Mesothelioma is rare compared with other cancers; about 2,500 to 3,000 people are diagnosed each year in the United States. The diagnosis can surprise many patients, as the disease can take up to 50 years to develop after exposure to asbestos. Mesothelioma can be a difficult journey, with painful symptoms and a short life expectancy. A survey conducted by the European Journal of Oncology Nursing revealed stark differences in how male and female patients approach this diagnosis.
The publication interviewed a group of 24 mesothelioma patients, most of whom were diagnosed with pleural mesothelioma, which infects the lining of the lungs and chest cavity and is the most common form of the disease. Thirteen of the patients were men, and 11 were women; their ages ranged from 31 to 81, although most of them were of retirement age.
Most mesothelioma patients are men, accounting for 77 percent of diagnoses. Many mesothelioma patients are exposed to asbestos in the workplace, and industries that have historically been male dominated, such as construction, maritime, automotive and aviation mechanics, the military, and other businesses, face the highest risk for asbestos exposure. Although the gender balance in the workforce is shifting, most mesothelioma patients currently being diagnosed were exposed to asbestos decades ago.
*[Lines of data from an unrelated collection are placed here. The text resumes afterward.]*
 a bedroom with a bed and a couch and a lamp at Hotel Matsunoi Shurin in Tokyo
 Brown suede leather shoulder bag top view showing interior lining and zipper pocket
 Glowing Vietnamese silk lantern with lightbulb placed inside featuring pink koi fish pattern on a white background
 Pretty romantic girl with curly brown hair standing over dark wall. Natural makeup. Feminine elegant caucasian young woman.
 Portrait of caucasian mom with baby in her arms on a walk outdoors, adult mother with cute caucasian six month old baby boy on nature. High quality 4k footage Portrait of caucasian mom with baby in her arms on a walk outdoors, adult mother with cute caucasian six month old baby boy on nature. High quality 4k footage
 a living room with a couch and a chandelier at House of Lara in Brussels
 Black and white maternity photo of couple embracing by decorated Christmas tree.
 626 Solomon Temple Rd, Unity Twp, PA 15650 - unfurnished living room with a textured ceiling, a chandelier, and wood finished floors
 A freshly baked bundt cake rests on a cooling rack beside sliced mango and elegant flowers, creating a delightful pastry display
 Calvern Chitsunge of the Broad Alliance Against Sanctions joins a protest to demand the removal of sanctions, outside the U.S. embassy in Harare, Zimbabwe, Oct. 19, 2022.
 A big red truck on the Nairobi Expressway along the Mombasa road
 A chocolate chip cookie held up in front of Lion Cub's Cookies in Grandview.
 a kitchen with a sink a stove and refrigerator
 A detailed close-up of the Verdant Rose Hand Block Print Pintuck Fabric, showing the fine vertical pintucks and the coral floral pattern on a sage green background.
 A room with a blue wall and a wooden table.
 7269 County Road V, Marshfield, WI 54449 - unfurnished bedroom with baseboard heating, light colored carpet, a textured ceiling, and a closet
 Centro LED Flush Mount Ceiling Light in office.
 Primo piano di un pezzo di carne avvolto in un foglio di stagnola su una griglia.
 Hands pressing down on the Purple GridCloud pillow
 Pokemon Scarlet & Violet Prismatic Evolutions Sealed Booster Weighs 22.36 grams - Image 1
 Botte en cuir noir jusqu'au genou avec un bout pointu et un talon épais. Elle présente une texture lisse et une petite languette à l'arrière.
Female patients may also have been exposed to asbestos in the workplace, as well as through secondary exposure; workers who encounter asbestos may bring fibers home in their clothes, hair, or shoes, putting their household at risk. Asbestos was also used in numerous consumer products for much of the 20th century and is still found in some products that include talc, which many people use as part of their daily personal care routine.
Gender Roles Impact Older Mesothelioma Patients
Upon receiving their diagnoses, both male and female patients reported worrying about how their families would cope without them, but in different ways. Many of the older patients fall into more traditional gender roles within their families, with women handling the household and men earning most of the income. Accordingly, each group took different steps to prepare their families in the event of their passing. The men surveyed focused on gathering account information and putting plans in place to ensure their families’ financial futures; the women made sure their families knew how to care for themselves, even showing them how to use appliances that they had never had to use before.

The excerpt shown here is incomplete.